Russian police officers detain a supporter of jailed members of the punk group Pussy Riot during a protest calling for their release, in central Moscow. Credit: Reuters
Russian police officers detain a supporter of jailed members of the punk group Pussy Riot during a protest calling for their release, in central Moscow.
Credit: Reuters

Russian police temporarily detained six activists protesting on Friday against the incarceration of punk rockers Pussy Riot and charged them with breaking rules on demonstrations.

Activists, actors and writers took turns holding posters demanding freedom for jailed band members Maria Alyokhina, 24, and Nadezhda Tolokonnikova, 23, in order to comply with rules on one-person demonstrations which do not require permits.

The Moscow protest was timed to take place on International Women’s Day, a holiday in Russia.

Russian media reported that police stepped in to make arrests when more than one person at a time held posters in support of the women, who are serving two-year sentences on charges of hooliganism motivated by religious hatred.

Moscow police told Reuters the six people detained at the protest in front of the Federal Penitentiary Service building were charged with administrative misdemeanors for breaking the one-person protest law.

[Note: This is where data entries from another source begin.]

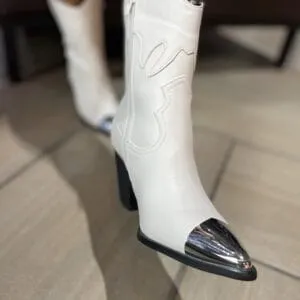 Sissyboy Cow Boy Boots White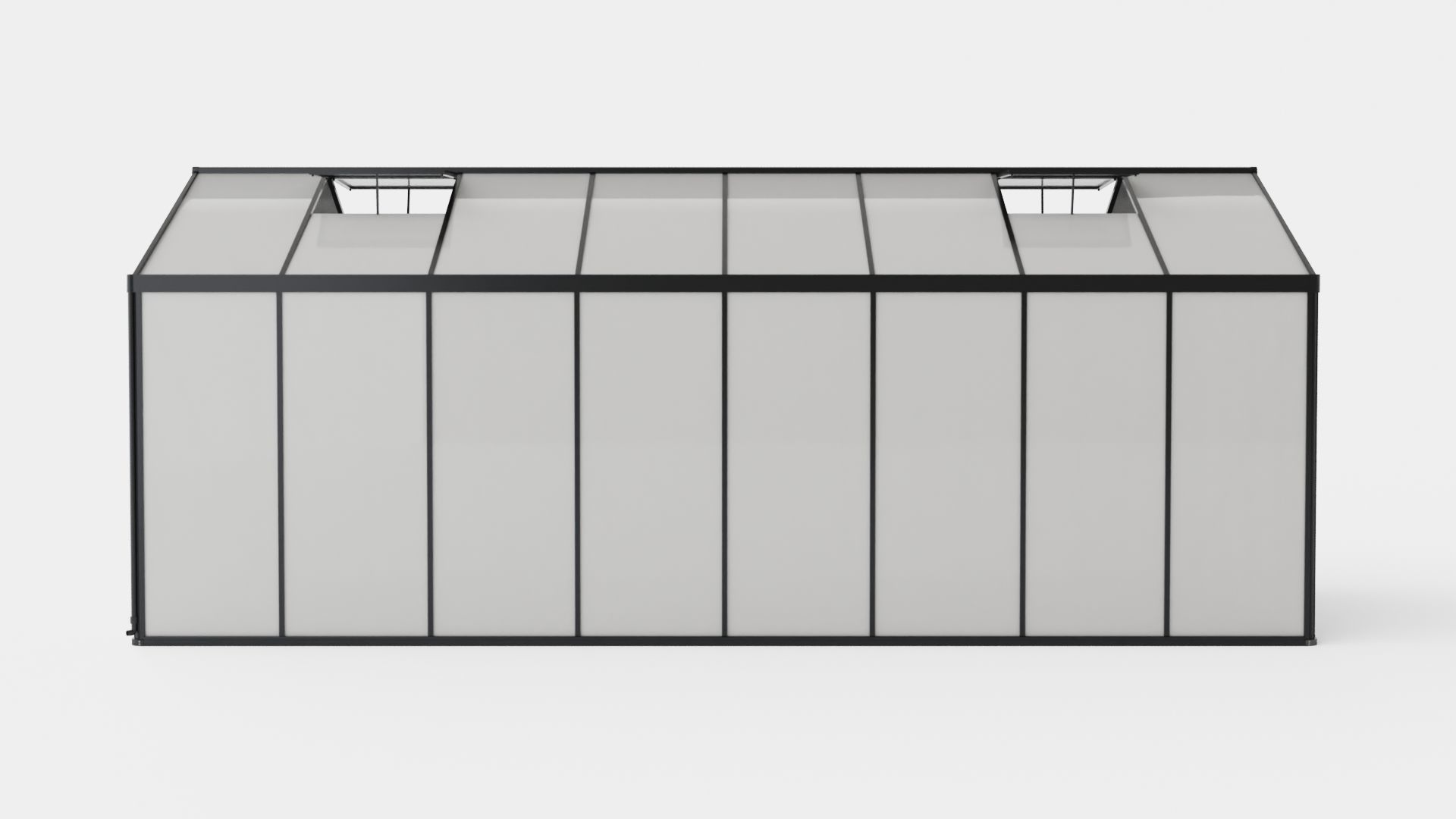 Greenhouse Poseidon 15700 Glass Black Low-poly 3D model_2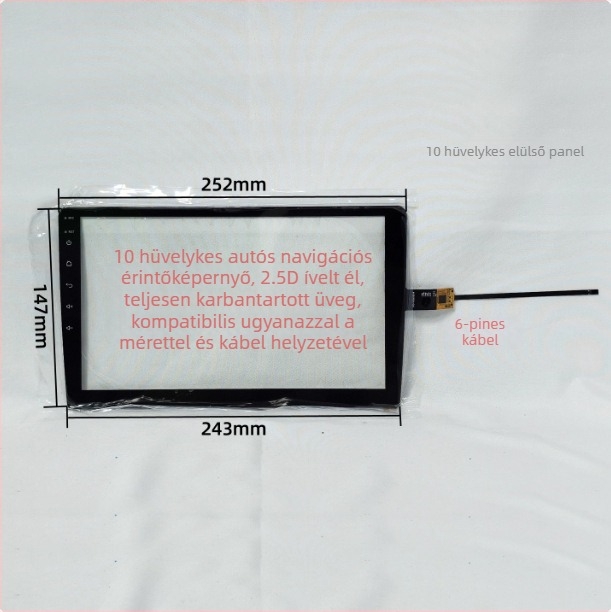 Android autós navigáció érintőképernyő GT911 – univerzális külső kijelző autó DVD központi vezérlés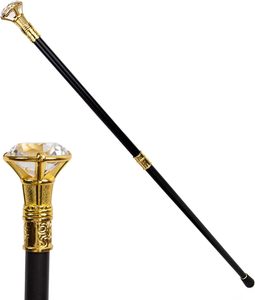 Low PriceNoble King's Scepter Luxury Telescopic <b>Walking</b> <b>Stick</b> Inspired by Egyptian Pharaohs with Iron Tip for Hiking and Camping - Product Image 1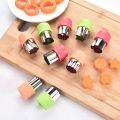Star Heart Shape Vegetables Cutter Plastic Handle 3Pcs Portable Cook Tools Stainless Steel Fruit Cutting Die Kitchen Gadgets. 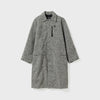 Vindur Fleece Lined Wool Coat Light Grey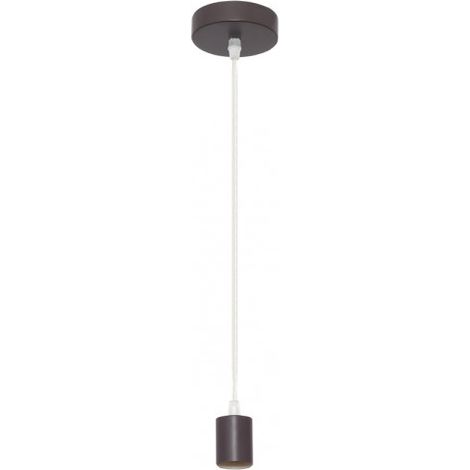 Braccio.pendente viso 1xe27 marrone regx10x10 cm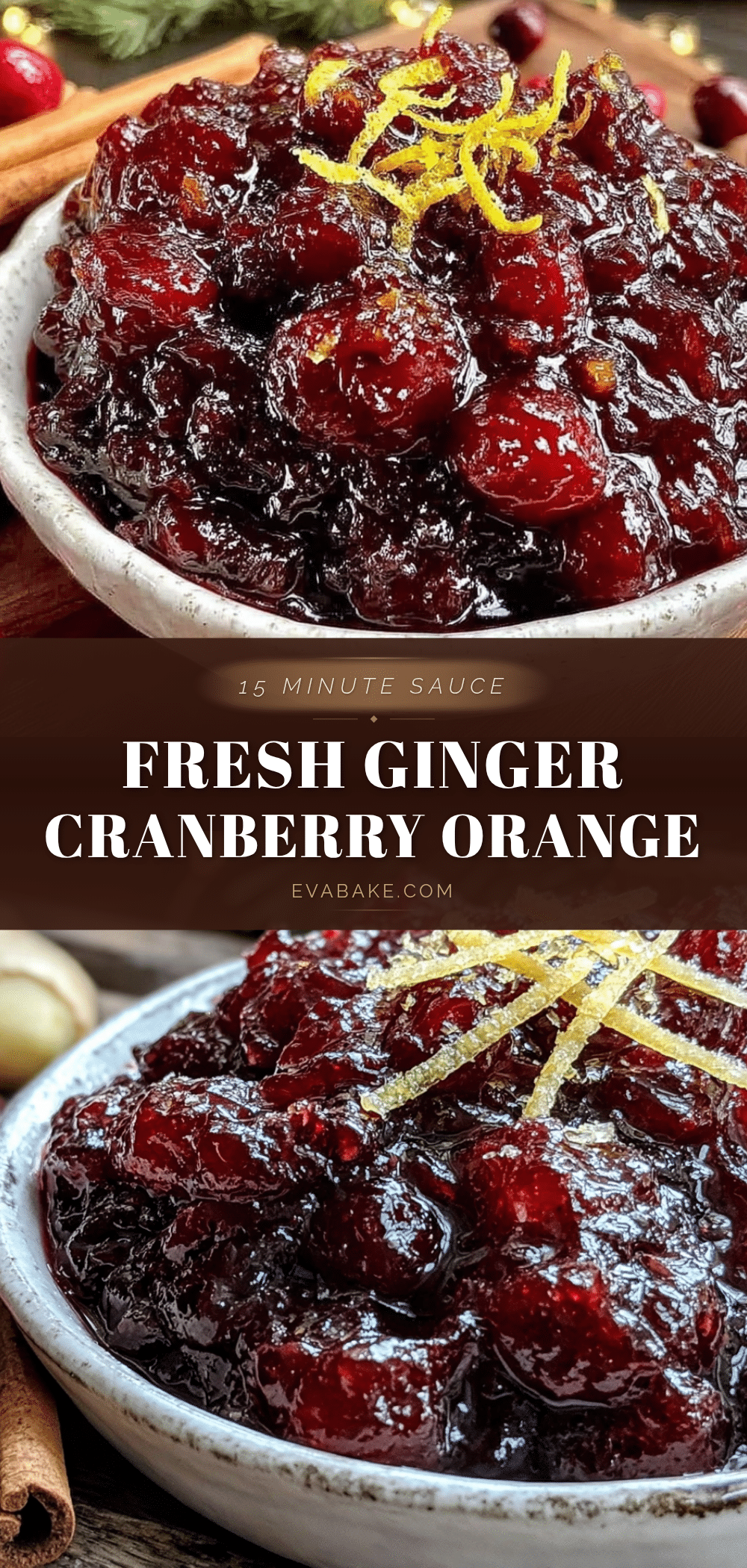 fresh ginger cranberry orange sauce recipe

They were all were released and handed orders for court hearings on Monday.

U.S. pop star Madonna and Myanmar democracy leader Aung San Suu Kyi are among those who have called for the two jailed Pussy Riot members to be freed.

They were convicted in August after performing, balaclava-clad, an anti-Kremlin “prayer” early last year at Moscow’s main Russian Orthodox cathedral.

Yekaterina Samutsevich, 30, the third member of the band who was jailed but released in October, also joined the protest on Friday, according to the street-art collective Voina (War).

Russian media reported Tolokonnikova submitted a request for early release this week. Alyokhina’s request has already been refused.

Asked on Thursday whether the two should be paroled, President Vladimir Putin declined to comment.

“It’s not up to me, but it is a thing of procedures and applicable legislation,” Putin said.

In October, he called the Pussy Riot sentencing fair. “They wanted this, they got it,” he told the NTV television channel in an interview then.

At another central Moscow protest on Friday, police detained about 20 people for what they said was unruly behavior.

No arrests were made at a third demonstration on Friday, organized by mothers, wives, sisters, and female friends of opposition members jailed after protests on the eve of Putin’s inauguration in May.